Arriving at Shillong Peak is a breeze of fresh air. Dotted by yellow-orange flowers and skylines starring mammoth clouds, this peak is the highest point of Shillong at the height of 6.4K ft above sea level. From here, you can observe the awe-inspiring bird’s eye view of Shillong, Himalayas and even Bangladesh meadows. A telescope has been made available for visitors. Profoundly surrounded by dense fog, Shillong gets its name from this peak, itself. Local stories narrate that guarding god Leishyllong lives in the hills. The sacred U Shulong at the summit is worshipped every spring with a ritual. As Shillong Peak is positioned near air force base and radar station, there is tight security in this area, and you will even, be required to deposit your cameras before entering.

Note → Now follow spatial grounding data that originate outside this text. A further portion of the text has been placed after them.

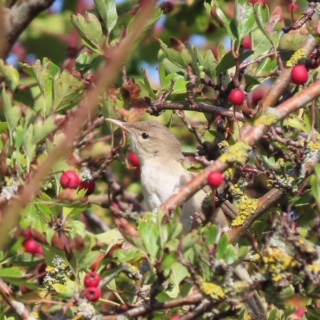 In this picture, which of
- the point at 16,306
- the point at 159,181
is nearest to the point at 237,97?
the point at 16,306

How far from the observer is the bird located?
4.30 metres

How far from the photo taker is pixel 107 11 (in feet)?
12.2

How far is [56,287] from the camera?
2.80m

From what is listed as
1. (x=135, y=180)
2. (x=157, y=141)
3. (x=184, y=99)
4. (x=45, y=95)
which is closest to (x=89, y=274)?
(x=45, y=95)

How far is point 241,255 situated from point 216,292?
0.18 m

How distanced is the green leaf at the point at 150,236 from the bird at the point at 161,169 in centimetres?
138

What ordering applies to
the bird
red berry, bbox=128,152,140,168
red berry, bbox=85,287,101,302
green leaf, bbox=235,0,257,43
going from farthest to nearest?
red berry, bbox=128,152,140,168 < the bird < green leaf, bbox=235,0,257,43 < red berry, bbox=85,287,101,302

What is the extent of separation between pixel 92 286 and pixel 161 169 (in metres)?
2.25

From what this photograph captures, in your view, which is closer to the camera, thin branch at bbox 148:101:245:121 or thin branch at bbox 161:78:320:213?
thin branch at bbox 161:78:320:213

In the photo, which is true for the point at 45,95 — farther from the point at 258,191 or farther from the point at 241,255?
the point at 258,191

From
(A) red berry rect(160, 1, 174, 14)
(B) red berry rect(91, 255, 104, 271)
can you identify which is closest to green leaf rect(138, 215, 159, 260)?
(B) red berry rect(91, 255, 104, 271)

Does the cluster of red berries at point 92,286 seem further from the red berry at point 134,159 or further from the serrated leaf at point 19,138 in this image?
the red berry at point 134,159

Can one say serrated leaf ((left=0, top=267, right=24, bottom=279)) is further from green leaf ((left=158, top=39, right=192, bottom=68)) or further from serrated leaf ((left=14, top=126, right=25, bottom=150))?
green leaf ((left=158, top=39, right=192, bottom=68))

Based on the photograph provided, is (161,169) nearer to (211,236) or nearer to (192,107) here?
(192,107) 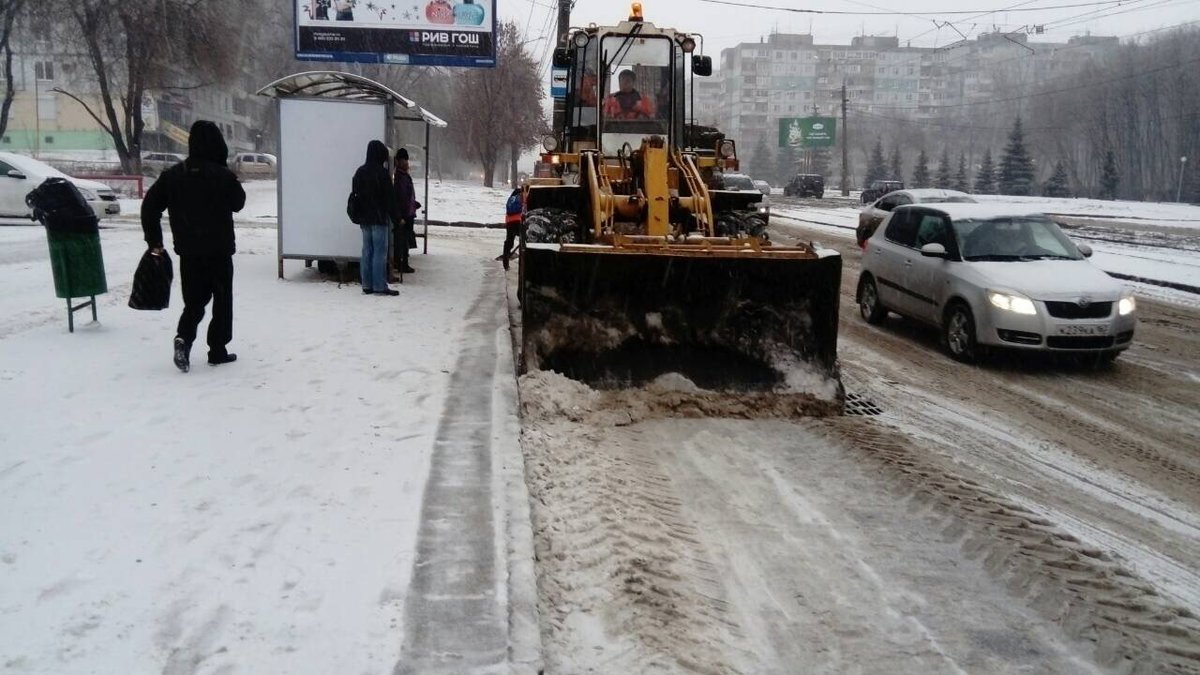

After Shillong Peak, I visited the famous Elephant Falls in the East Khasi Hills District. Elephant Falls is the British name of what the Khasi(s) call “Ka Kshaid Lai Pateng Khohsiew” or Three Steps Waterfall. I learnt that the British named the falls after an Elephant because earlier at this site, there was a rock resembling his shape. The waterfall is spellbinding, to be honest! Close to the waterfall, there is a photography studio. I got myself a picture clicked here in the traditional Khasi dresses. It only takes 5-minutes to get dressed in this traditional outfit, however, the memory lasts forever. Besides, when you wear these clothes, you feel so very close to North Eastern culture.
Next, I visited Umiam Lake, or as locals call it, the Barapani Lake. Positioned fifteen kilometres from Shillong, Umiam is a 220 sq km long, crystal clear Olympic-blue lake encircled by beautiful hillocks. This reservoir in the hills was formed in the early 1960s by damming the Umiam river. This lake is also popular for water sports. Umiam lake depicts the spectacular beauty of Meghalaya. In summer, this lively lake is beautified, by a series of several blossoming Gulmohar trees. The bordering Nehru Park is a perfect place to enjoy picnics and motorboat rides.
Before leaving Shillong, I visited the city’s museums, took a short tour of Kamakhya Devi temple in Guwahati and revisited the shopper’s street.